E’ stato, infatti, statuito che "Allorquando l’esecuzione inizi in forza di un titolo esecutivo giudiziale che, al momento di tale inizio abbia efficacia esecutiva e venga proposta opposizione all’esecuzione, la successiva sopravvenienza della sospensione della sua efficacia esecutiva da parte del giudice avanti al quale il titolo sia stato impugnato, non ha alcuna incidenza sull’oggetto del giudizio di opposizione, che concerne l’accertamento negativo della sussistenza del diritto di procedere all’esecuzione al momento in cui l’esecuzione è iniziata, ma assume rilievo come circostanza che può essere fatta constare al giudice dell’esecuzione nell’ambito del processo esecutivo perchè disponga direttamente la sospensione dell’esecuzione" (Cass. n. 18512 del 2007; n. 18999 del 2009). Il principio che l’accertamento del diritto di procedere all’esecuzione dev’esser svolto con riferimento al momento di intimazione del precetto se ci si opponga avverso di esso o con riferimento all’inizio dell’esecuzione, se ci si opponga contro l’esecuzione iniziata è di carattere generale.
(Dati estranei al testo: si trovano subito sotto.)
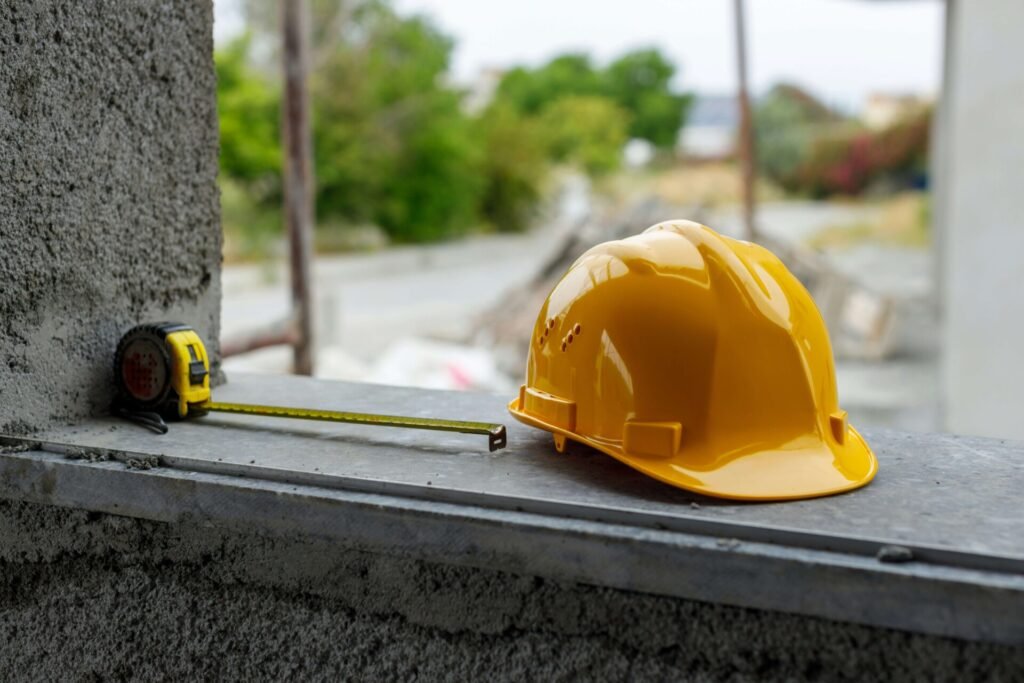 A yellow hard hat and a measuring tape sitting on top of a cement wall.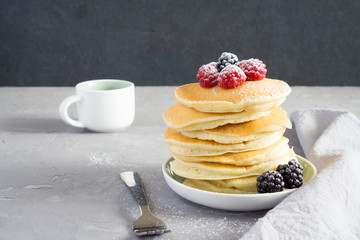 American pancakes with raspberries, blackberries and powdered sugar for breakfast on a gray concrete background with copy space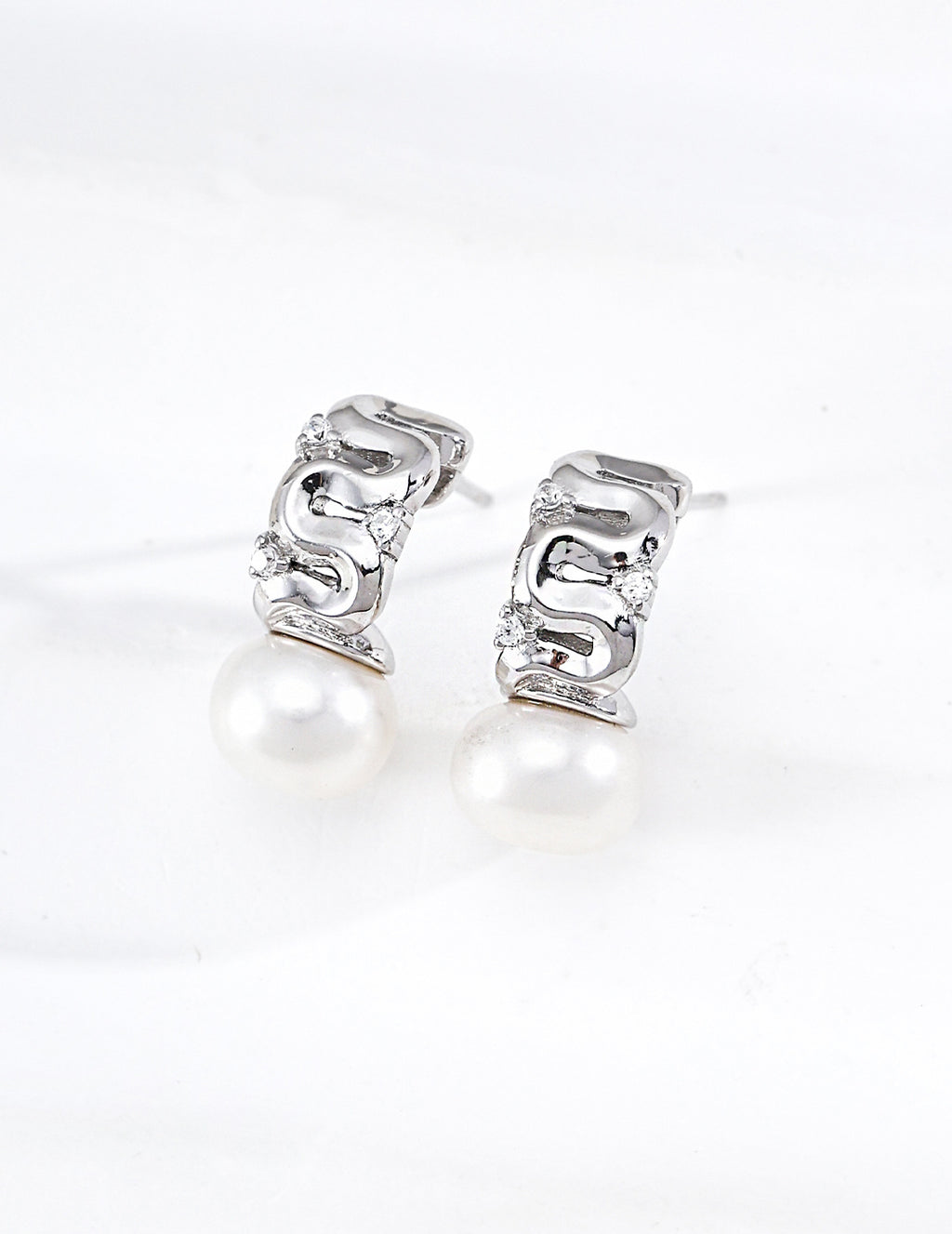 Pearl and zircon earrings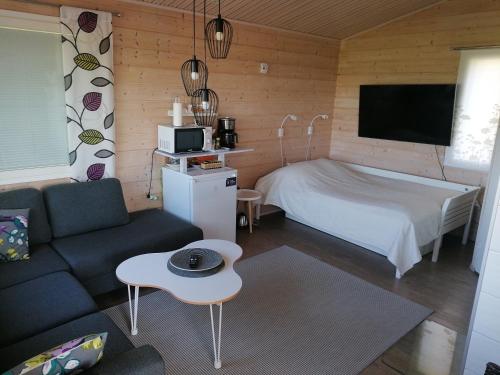 NivalaViihtyisä saunamökki päärakennuksen takana, oma rauha的一间卧室配有一张床、一张沙发和一台电视。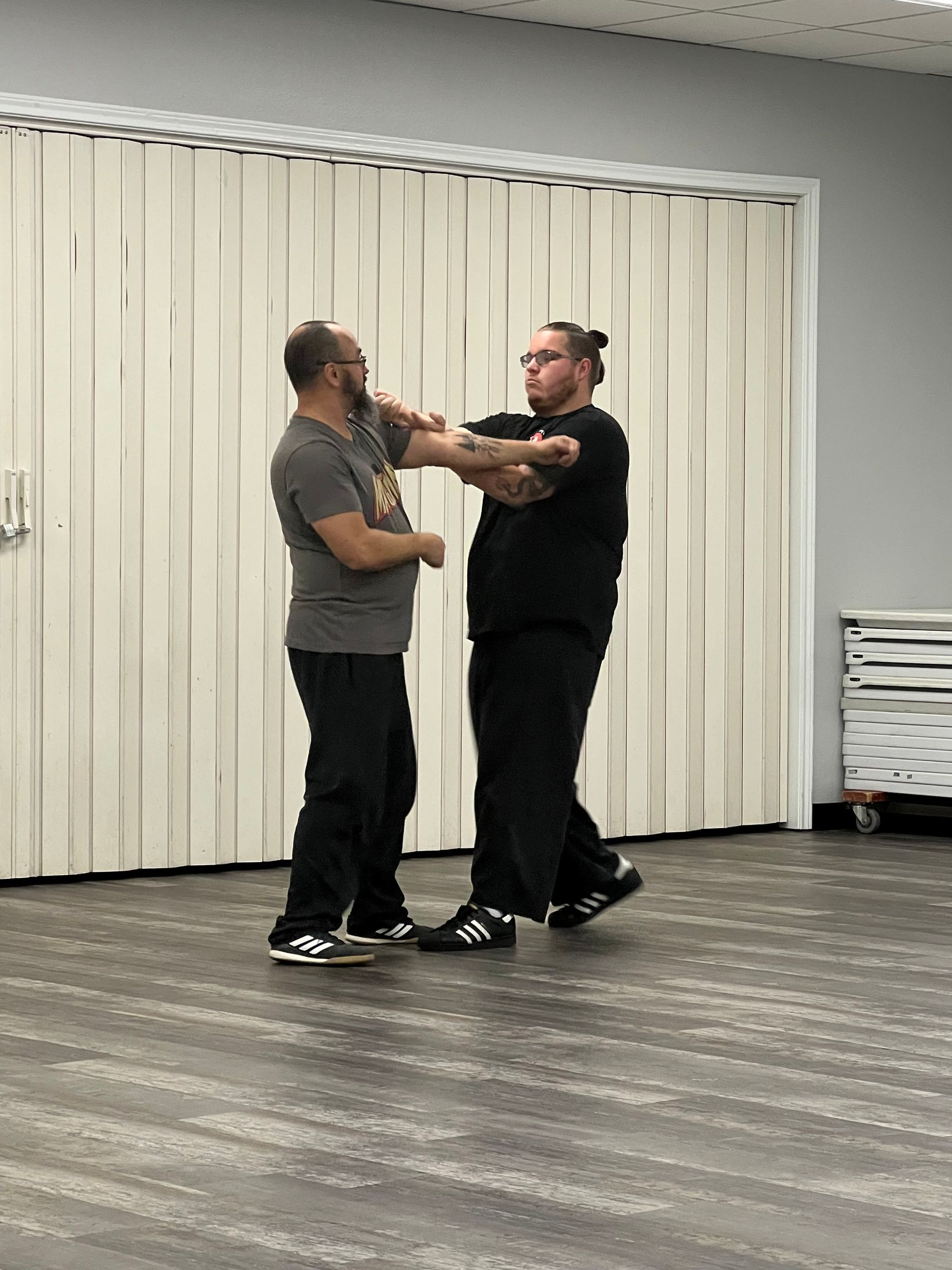 Two men are standing next to each other in a room.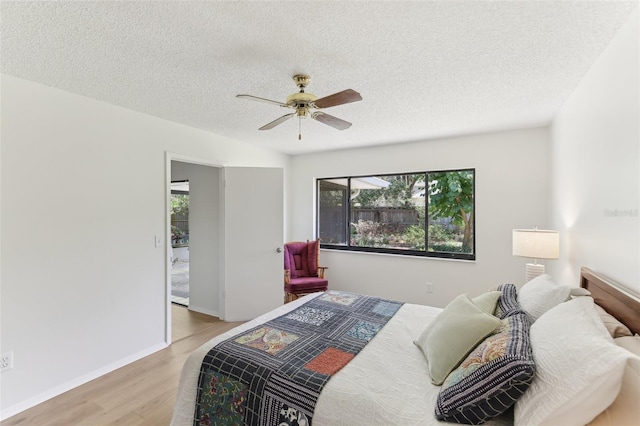 bedroom with light wood finished floors, baseboards, a textured ceiling, and ceiling fan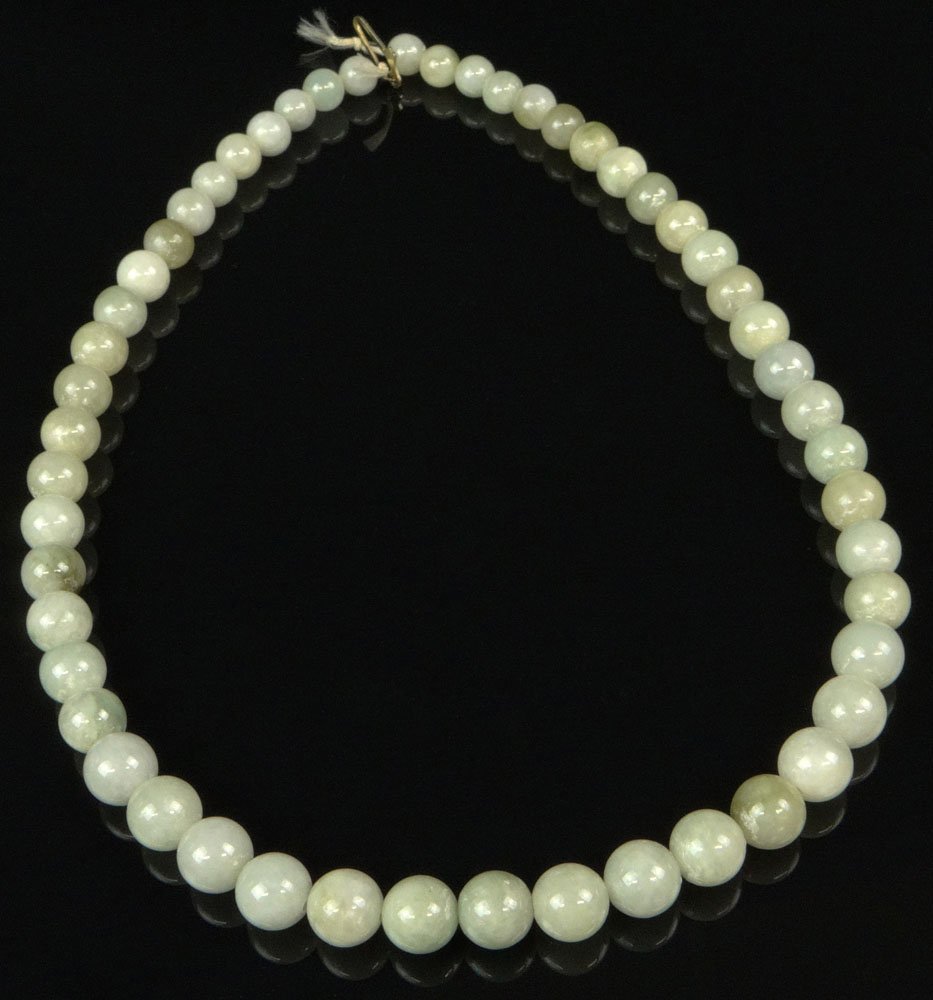 Chinese Carved Pale Celadon Jade Graduated Bead: Chinese Carved Pale Celadon Jade Graduated Bead Necklace. Unsigned. Lacking Part of Clasp Otherwise Good Condition or Better. Beads Range from 7mm to 10mm, Necklace Measures 17-1/2 Inches Long. Shippi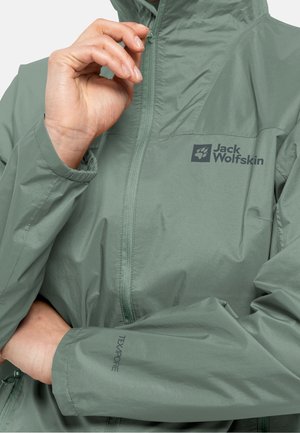 Veste imperméable vert clair en matière lisse, avec un col montant, une fermeture éclair intégrale, et les logos "Jack Wolfskin" et "Texapore" à l'avant.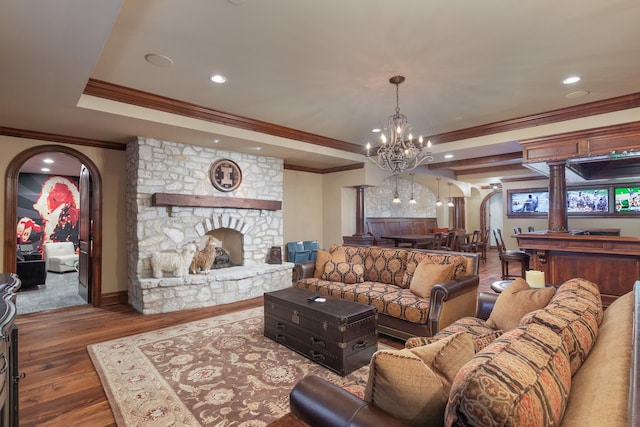 21 Forest Ave, Naperville, IL 60540 - living room with arched walkways, crown molding, a chandelier, a stone fireplace, and wood finished floors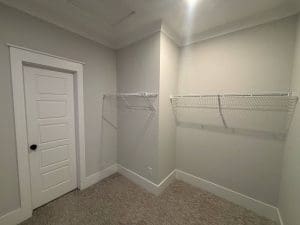 Freshly painted Charleston SC walk-in closet with light gray walls, white trim, and wire shelving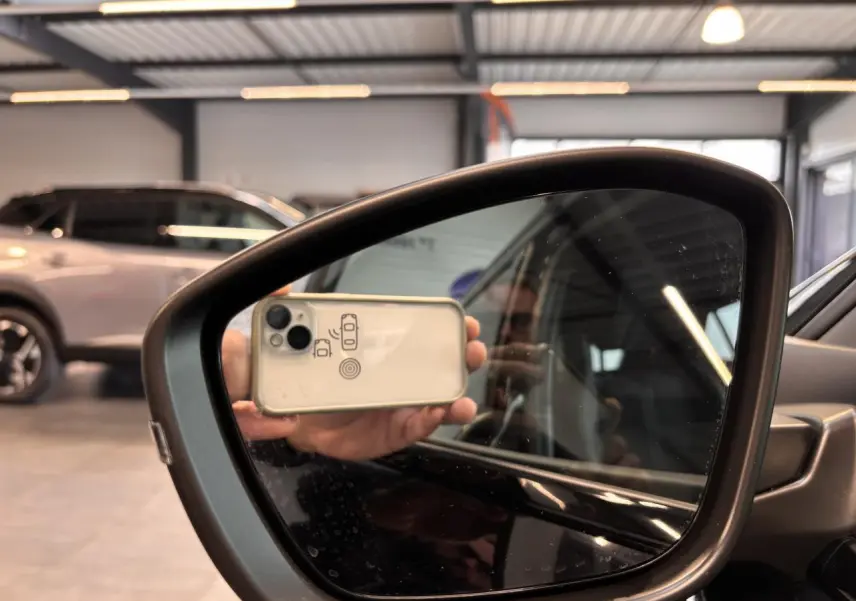 Rétroviseur côté droit du Peugeot 2008 blanc hybride 2025, avec reflet d'un smartphone et intérieur partiel visible.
Ciò chiarito, essendo i fatti estintivi determinati da comportamenti del debitore principale o di altri confideiussori di interesse comune ad essi ed al qui ricorrente, è del tutto privo di fondamento che egli non avesse strumenti per conoscerli. Tali strumenti sarebbero stati rappresentati da normali richieste di indicazione rivolte ai medesimi in funzione del giudizio di riassunzione. Se gli stessi avessero rifiutato di fornire indicazioni allora si sarebbe determinata una situazione che avrebbe potuto rendere legittima la richiesta di esibizione. Peraltro, lo stesso ricorrente ha articolato prove, ritenute a ragione inammissibili come s’è visto, su pretesi fatti estintivi risalenti a comportamenti del debitore principale e degli altri garanti e, dunque, il ricorrente doveva avere conoscenza di detti fatti. Comunque, non ha allegato di avere inutilmente esperito interrogazioni ai condebitori.
Tanto rende irrilevante considerare le argomentazioni sub bb) e cc), le quali, peraltro, sono dedotte senza rispettare l’art. 366 c.p.c., n. 6, posto che non si riproduce nè direttamente nè indirettamente il contenuto da ricercare nel documento 1 e nella citazione in riassunzione.
p.2.5. Anche la censura rivolta alla valutazione della Corte territoriale di rigettare l’istanza di consulenza tecnica perle sue finalità esplorative appare priva di fondamento sulla base di considerazioni simili a quelle svolte al punto precedente.
p.3. Il ricorso è, conclusivamente, rigettato.
p.4. Le spese del giudizio di cassazione possono essere compensate, atteso che la motivazione criticata con il primo motivo, per la sua segnalata ambiguità, poteva rendere scusabile l’infondato accesso al giudizio di legittimità.
P.Q.M.
La Corte rigetta il ricorso. Compensa le spese del giudizio di cassazione.
Così deciso in Roma, nella Camera di consiglio della Sezione Terza Civile, il 27 giugno 2012.
Depositato in Cancelleria il 7 agosto 2012

Testo non ufficiale. La sola stampa del bollettino ufficiale ha carattere legale.